(Beginning of Collected data)

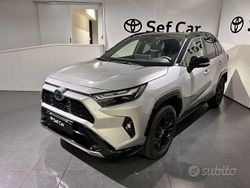 Grigio Usata 2024 Toyota RAV4 Hybrid Style SUV | 39.900 € (Cara)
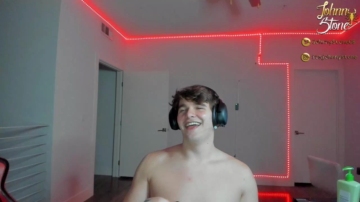 Thejohnnystone  12-08-2021 video legs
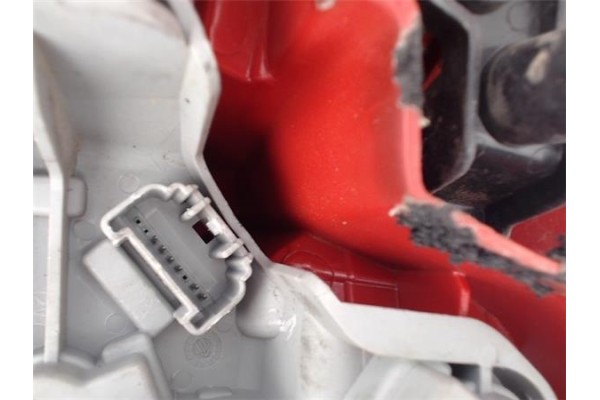 Recambio de piloto trasero derecho para toyota auris (e15) 2.0 d-4d referencia OEM IAM 8155102400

(End of Collected data)

_Task prompt_
Leaving out all pictures, transcribe the listing exactly.

_Response for this exercise_
 Grigio Usata 2024 Toyota RAV4 Hybrid Style SUV | 39.900 € (Cara)
 Thejohnnystone  12-08-2021 video legs
 Recambio de piloto trasero derecho para toyota auris (e15) 2.0 d-4d referencia OEM IAM 8155102400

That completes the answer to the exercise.